Представление о том, что организационные инновации будут иметь успех благодаря обратной связи между акторами и их социальной средой, было развито в конструктивистски ориентированных исследованиях организаций. Это представление опирается на гидденсовскую концепцию рекурсивной конституционной зависимости действия и структуры [13, 29]. Организации рассматриваются как структуры, запланированно или спонтанно возникающие в результате микрополитических игр участвующих в них акторов или "оформляющиеся" (gestaltet) в процессе этих игр [43]. Идеи разрабатываются, переходят от актора к актору, материализуются в структурах и технологических артефактах.
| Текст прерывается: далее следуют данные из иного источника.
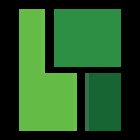 The Linden Tree Dental Lounge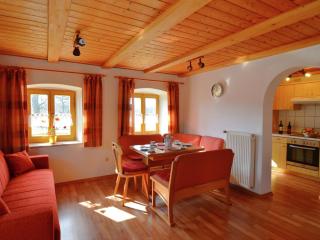 Lovely Holiday Home near Forest - Viechtach - 7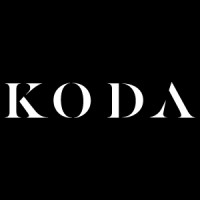 Koda Studios logo, Koda Studios contact details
Это "путешествие идей" (travel of ideas) проанализировали в своей недавней статье Б. Чарнявска и Б. Йоргес [3]. Пытаясь идентифицировать механизмы, которые усиливают или блокируют этот процесс, авторы выделили стадии "объективации", "распространения" и "инсценирования". Одновременно они обратили внимание на ненаправленные влияния действий, проявляющиеся на разных стадиях "путешествия". Такая дифференцированная схема процесса институционализации не содержит структурно-функционального крена, который очевидно наблюдается у Мейера и Рована, Димаджио и Пауэлла.
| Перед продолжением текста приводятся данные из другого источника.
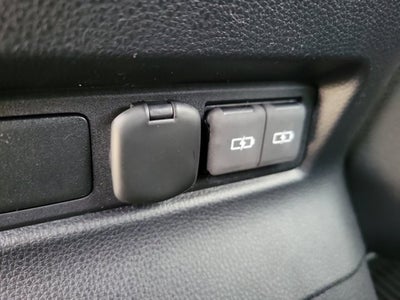 2026 Toyota Land Cruiser 1958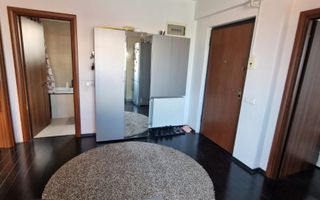 Apartament 3 camere Bucureștii Noi - Poză 4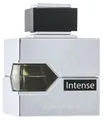 Al Haramain L'Aventure Intense Eau de Parfum 100 ml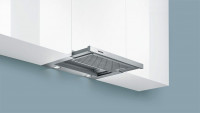 Встраиваемая вытяжка Siemens LI 44630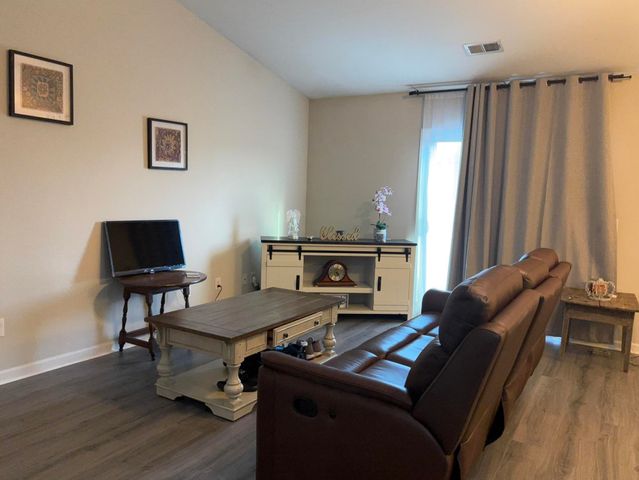 2138 Bonneville Circle, Aiken, SC 29801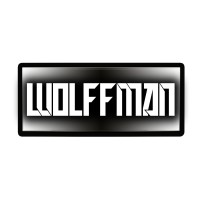 Wolffman logo, Wolffman contact details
Проблема экономической среды
Как институционалистский, так и конструктивистский подходы привнесли важные идеи в дискуссию, что приближает нас к объяснению скачкообразного развития промышленного рационализаторского знания. Но сама цель еще не достигнута. Институционалистский подход показывает, каким образом организационные концепты распространяются и утверждаются в качестве социальных образцов: это происходит с помощью механизмов миметического и нормативного изоморфизма. Конструктивистский подход дифференцирует этот способ интерпретации с учетом мнений акторов и вытекающих отсюда последствий, противоречащих их первоначальным намерениям. Но вторая стадия процесса остается при этом, как и прежде, неясна. Отчего ставятся под сомнение и дискредитируются принятые и устоявшиеся парадигмы?2 Нерешенной остается и проблема происхождения инноваций, которые возникают не только самопроизвольно, но и в результате целенаправленной активности "предпринимателей". Что же оказывается стимулом для последних?
Ни одно из названных исследовательских направлений не может дать удовлетворительный ответ на эти вопросы. Это связано с общей слабостью обоих подходов. В них дифференцированно анализируются отношения между организациями и их общественной средой, взаимодействия с другими институциональными акторами в организационной сфере, но не уделяется достаточного внимания отношению организаций к их экономической среде.
Во избежание недоразумений необходимо отметить, что для Мейера и Рована, Димаджио и Пауэлла, Скотта и других упомянутых авторов критическая дискуссия с наивным экономизмом является толчком для развития их собственной организационно-социологической позиции. Под "наивным экономизмом" следует понимать представление о том, что рынок per se посылает сигналы, на которые ориентируются предприниматели при выборе производственных стратегий и организационных вариантов. Против этого упомянутые авторы выдвигают справедливый аргумент, что предприниматели могут расшифровать сигналы рынка только при явном или неявном обращении к существующим в обществе мнениям, образцам и институтам. Организации взаимодействуют не непосредственно с "рынком", а только с картиной рынка, которую они сами создают под влиянием социальной среды; на основе этой картины и осуществляются рациональные или стратегические действия. Эти образцы необъяснимы с рациональной точки зрения; Мейер и Рован называют их мифами. Возвращаясь к приведенному выше примеру, можно сказать, что предположение о том, что человек никогда не будет воспринимать автомобиль иначе, чем игрушку, базируется на определенном образце общественной жизни так же, как и обратное предположение о том, что автомобиль станет центром "мобильного" стиля жизни широких масс. Рациональная стратегия предпринимательства подразумевает выбор одной из гипотез. Конфликт между этими гипотезами нельзя разрешить при помощи рациональных аргументов. Все будет зависеть от общественного резонанса, который получат эти базисные мифы. Так если второй миф будет иметь широкий резонанс, то это повлечет за собой изменение целого ряда данных, что проявится в опровержении любой, даже очень хорошо обоснованной рациональности первой, консервативной позиции.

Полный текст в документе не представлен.